__The task__. From the data below, copy out every line in which the word "Pumps" occurs.

======== Exercise inputs

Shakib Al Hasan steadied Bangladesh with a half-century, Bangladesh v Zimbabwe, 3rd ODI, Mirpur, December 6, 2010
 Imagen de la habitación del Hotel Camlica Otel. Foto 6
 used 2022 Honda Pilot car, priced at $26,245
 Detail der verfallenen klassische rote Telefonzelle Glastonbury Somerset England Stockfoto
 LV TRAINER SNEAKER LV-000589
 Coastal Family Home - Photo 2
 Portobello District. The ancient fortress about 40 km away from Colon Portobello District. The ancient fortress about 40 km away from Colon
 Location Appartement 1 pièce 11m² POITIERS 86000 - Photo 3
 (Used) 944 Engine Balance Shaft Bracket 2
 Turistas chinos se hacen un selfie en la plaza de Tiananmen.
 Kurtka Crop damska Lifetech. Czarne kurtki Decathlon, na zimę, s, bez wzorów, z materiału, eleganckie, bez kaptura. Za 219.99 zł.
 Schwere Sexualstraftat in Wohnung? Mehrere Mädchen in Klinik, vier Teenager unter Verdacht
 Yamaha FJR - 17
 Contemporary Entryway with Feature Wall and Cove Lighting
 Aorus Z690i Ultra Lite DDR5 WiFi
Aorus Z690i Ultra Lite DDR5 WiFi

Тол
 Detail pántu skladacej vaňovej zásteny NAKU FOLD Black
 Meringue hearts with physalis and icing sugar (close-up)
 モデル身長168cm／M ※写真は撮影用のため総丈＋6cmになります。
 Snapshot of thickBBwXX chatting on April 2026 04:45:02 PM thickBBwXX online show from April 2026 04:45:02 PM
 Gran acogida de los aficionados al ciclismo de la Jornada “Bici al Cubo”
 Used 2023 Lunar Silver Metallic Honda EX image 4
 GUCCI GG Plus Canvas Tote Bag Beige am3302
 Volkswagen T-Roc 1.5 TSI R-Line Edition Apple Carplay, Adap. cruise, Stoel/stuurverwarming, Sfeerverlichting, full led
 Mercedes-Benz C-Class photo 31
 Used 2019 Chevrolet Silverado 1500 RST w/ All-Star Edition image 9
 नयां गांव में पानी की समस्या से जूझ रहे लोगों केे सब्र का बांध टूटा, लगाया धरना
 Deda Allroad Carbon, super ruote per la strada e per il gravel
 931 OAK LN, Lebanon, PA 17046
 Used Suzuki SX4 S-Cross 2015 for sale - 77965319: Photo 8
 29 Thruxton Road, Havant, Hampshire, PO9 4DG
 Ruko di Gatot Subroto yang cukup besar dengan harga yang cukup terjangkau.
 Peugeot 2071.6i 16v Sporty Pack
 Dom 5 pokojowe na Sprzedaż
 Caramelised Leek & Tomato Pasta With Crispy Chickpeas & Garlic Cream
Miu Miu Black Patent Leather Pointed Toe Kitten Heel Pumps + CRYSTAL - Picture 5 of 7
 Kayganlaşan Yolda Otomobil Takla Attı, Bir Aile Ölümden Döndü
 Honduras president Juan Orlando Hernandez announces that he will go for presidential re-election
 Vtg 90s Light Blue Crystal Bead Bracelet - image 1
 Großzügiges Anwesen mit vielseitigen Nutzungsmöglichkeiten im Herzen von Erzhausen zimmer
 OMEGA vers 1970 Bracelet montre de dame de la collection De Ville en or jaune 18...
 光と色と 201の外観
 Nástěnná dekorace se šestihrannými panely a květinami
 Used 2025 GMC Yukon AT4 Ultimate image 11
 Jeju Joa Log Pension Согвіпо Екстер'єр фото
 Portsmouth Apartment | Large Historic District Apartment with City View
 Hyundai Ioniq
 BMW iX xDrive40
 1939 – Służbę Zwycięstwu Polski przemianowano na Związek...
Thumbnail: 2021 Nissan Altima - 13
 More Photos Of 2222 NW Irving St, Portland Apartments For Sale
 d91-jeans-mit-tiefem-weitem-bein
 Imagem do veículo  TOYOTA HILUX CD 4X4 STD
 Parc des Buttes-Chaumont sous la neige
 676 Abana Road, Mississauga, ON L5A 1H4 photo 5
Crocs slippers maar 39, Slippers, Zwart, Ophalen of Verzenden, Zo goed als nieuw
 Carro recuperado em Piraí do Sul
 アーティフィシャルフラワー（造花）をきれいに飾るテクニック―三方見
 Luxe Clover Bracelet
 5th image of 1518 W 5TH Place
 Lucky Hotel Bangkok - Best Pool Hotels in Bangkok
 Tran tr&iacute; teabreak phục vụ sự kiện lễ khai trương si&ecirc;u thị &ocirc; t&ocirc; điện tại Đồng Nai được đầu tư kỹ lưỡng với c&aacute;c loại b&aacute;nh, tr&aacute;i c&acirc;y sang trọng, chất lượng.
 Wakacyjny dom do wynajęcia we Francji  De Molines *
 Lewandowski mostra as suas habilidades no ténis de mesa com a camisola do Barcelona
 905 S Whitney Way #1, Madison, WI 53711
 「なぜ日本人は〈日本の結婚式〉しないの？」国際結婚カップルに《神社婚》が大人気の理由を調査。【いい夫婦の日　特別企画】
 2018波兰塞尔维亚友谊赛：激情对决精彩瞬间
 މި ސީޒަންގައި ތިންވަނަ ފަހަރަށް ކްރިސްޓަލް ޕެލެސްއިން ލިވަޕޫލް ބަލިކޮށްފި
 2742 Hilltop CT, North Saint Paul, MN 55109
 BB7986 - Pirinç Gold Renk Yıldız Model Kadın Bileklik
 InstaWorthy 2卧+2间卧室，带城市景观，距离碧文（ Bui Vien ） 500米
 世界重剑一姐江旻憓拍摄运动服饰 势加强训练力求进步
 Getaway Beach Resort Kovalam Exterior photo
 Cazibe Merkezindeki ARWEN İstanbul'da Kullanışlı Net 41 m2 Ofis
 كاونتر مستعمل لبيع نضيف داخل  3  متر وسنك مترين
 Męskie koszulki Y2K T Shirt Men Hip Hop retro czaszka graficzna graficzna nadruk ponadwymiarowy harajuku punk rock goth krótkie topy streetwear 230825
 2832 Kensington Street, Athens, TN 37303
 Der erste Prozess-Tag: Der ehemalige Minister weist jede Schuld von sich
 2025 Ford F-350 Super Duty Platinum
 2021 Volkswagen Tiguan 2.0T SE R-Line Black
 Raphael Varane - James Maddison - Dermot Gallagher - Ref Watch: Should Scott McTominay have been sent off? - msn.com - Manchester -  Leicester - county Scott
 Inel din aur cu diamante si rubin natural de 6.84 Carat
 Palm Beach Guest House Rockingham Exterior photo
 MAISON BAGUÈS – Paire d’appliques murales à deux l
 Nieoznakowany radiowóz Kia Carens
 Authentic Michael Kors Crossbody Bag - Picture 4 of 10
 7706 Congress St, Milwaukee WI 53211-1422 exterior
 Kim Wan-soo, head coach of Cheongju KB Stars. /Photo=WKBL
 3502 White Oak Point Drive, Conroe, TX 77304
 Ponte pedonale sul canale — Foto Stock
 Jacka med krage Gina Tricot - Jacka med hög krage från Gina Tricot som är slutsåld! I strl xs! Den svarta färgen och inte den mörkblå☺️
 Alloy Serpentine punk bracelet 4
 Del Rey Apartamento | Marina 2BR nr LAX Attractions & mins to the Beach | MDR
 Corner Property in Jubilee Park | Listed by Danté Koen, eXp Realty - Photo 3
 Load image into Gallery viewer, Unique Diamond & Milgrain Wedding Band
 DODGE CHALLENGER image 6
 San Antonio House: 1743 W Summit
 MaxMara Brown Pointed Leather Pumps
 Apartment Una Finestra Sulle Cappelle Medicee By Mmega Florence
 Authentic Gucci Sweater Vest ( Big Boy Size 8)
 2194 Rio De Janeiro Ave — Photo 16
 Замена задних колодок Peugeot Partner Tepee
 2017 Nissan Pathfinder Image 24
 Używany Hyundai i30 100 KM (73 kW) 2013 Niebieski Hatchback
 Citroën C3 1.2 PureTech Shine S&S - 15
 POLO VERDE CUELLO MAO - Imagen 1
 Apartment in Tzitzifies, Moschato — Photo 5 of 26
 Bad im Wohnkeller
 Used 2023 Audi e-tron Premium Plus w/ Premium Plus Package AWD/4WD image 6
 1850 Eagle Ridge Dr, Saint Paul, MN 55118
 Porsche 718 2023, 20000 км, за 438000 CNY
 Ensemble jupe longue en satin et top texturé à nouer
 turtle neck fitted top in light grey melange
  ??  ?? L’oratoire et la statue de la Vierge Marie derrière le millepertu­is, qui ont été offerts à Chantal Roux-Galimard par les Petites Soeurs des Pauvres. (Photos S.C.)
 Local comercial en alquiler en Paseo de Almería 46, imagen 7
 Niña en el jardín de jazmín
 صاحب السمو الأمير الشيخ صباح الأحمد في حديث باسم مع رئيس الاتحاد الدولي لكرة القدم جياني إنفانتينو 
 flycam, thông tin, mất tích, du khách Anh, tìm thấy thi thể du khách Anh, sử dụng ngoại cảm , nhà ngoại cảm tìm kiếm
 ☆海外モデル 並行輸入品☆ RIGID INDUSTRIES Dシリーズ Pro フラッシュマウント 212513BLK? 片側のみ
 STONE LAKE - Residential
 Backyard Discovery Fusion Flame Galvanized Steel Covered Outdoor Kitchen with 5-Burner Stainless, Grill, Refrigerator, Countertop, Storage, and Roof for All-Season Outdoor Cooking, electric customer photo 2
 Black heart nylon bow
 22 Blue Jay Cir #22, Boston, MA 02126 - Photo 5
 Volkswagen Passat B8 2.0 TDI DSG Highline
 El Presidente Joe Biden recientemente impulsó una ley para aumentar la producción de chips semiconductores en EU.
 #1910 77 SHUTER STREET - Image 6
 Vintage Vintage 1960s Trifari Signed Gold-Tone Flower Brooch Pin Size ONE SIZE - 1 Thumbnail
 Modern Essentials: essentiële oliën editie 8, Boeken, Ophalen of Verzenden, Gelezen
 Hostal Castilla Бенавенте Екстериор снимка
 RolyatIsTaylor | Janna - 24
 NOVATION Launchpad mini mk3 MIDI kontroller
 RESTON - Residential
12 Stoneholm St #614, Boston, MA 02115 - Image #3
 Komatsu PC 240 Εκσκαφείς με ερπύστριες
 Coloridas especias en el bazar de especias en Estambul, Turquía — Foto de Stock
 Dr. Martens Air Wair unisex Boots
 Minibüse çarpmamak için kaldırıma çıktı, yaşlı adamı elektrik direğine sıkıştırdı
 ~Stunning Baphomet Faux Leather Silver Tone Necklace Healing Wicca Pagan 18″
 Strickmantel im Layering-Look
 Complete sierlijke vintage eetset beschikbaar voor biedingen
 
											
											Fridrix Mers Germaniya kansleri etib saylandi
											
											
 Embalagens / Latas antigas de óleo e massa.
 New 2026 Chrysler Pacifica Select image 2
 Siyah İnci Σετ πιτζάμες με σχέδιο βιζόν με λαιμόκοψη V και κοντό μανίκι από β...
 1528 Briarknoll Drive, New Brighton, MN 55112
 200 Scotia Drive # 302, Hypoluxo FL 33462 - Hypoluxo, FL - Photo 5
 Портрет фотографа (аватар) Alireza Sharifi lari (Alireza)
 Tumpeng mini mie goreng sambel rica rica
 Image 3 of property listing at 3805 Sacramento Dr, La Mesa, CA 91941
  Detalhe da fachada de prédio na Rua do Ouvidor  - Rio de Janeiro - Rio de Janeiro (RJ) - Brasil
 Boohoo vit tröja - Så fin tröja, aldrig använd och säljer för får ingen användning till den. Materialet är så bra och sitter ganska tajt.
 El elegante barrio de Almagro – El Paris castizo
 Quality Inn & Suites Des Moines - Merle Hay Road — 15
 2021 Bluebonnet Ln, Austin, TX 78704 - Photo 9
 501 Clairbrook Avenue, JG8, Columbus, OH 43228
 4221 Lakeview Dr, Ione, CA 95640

================

__Response to this exercise__.
Miu Miu Black Patent Leather Pointed Toe Kitten Heel Pumps + CRYSTAL - Picture 5 of 7
 MaxMara Brown Pointed Leather Pumps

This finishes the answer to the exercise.